Author ORCID Identifier

https://orcid.org/0000-0002-3080-5868

Semester

Summer

Date of Graduation

2025

Document Type

Dissertation

Degree Type

PhD

College

Eberly College of Arts and Sciences

Department

Physics and Astronomy

Committee Chair

Aldo Romero

Committee Co-Chair

Juan Felipe Carrasquilla Alvarez

Committee Member

Subhasish Mandal

Committee Member

Tudor Stanescu

Abstract

Understanding and predicting the magnetic behavior of materials from first principles is one of the central challenges in condensed matter physics. This dissertation presents a systematic framework that bridges ab initio calculations, many-body physics, and effective spin models to analyze magnetic materials in particular, but also more general quantum systems.

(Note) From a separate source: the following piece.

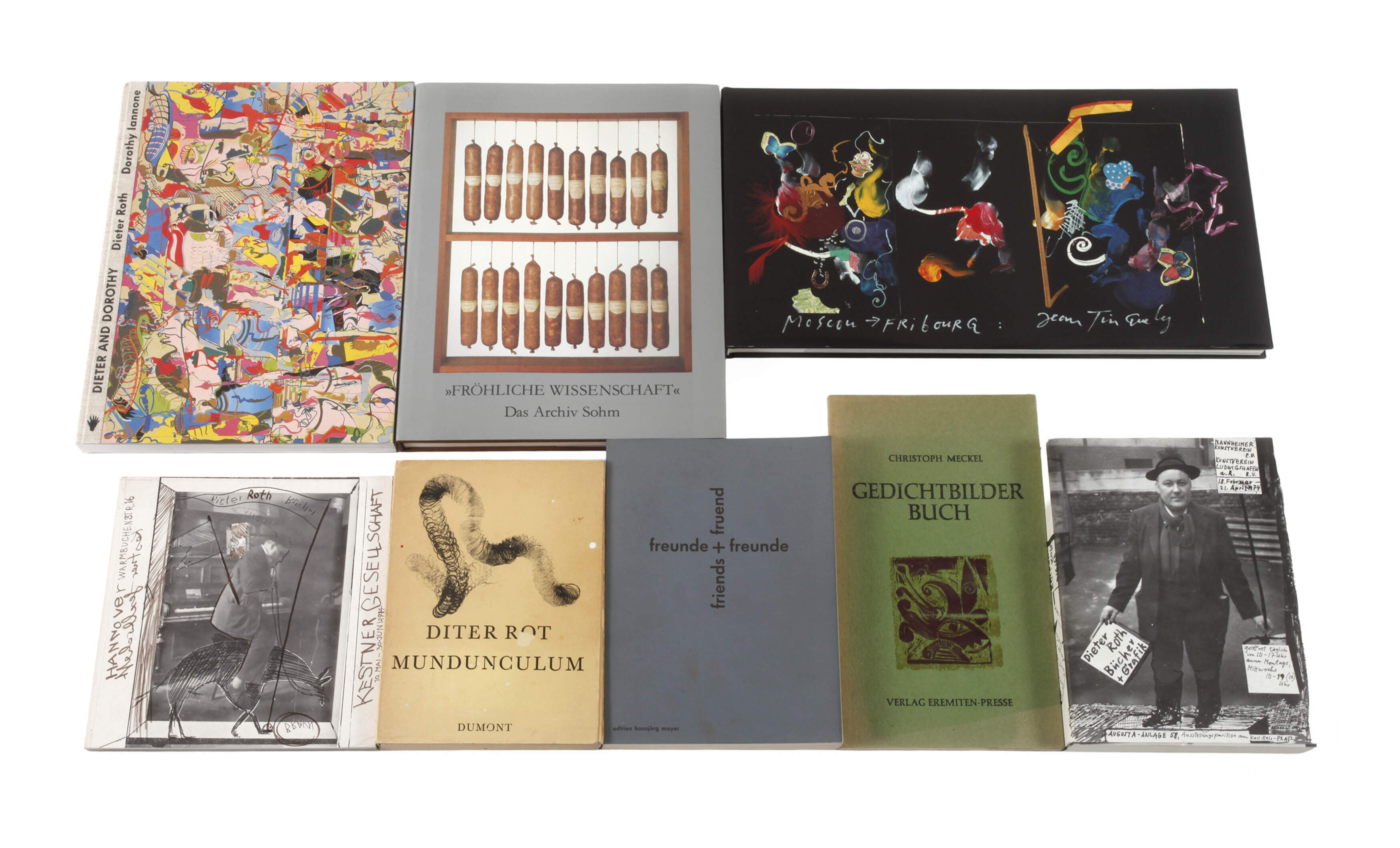 Konvolut Kunstliteratur Dieter Roth und andere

Starting from the electron many-body Hamiltonian and the second quantization formalism, we derive Density Functional Theory (DFT) and explain how magnetic properties emerge from exchange interactions and can be interpreted as perturbations to the magnetization density. To capture these effects efficiently, we construct Heisenberg models from first principles using the Magnetic Force Theorem (MFT), which relates small variations in Kohn–Sham eigenvalues to magnetic exchange parameters. The combination of MFT and the Heisenberg model offers a computationally tractable approach to the many-body problem without compromising accuracy. However, it poses challenges due to assumptions of fixed localized spins, homogeneous rotations, and prior knowledge of the magnetic ground state. To address these limitations, we develop a self-consistent workflow based on linear spin-wave theory (LSWT) to identify stable spin configurations and predict the magnetic ground state. We also introduce a ligand downfolding procedure that systematically corrects for the limitations of MFT in systems with significant hybridization, addressing the ambiguities of magnetic region definitions and rotational homogeneity. We demonstrate the accuracy of these methods across a diverse set of transition metal compounds, showing agreement with experimental magnetic structures and spin-wave spectra measured by neutron scattering. Finally, we explore a deep learning–aided quantum computing approach to the many-body problem. We design a neural network architecture that learns to predict variational ansätze for quantum algorithms, enabling fast and generalizable solutions to electronic structure calculations. Together, these contributions advance a comprehensive strategy for magnetic materials design and quantum system modeling grounded in quantum theory and numerical methods.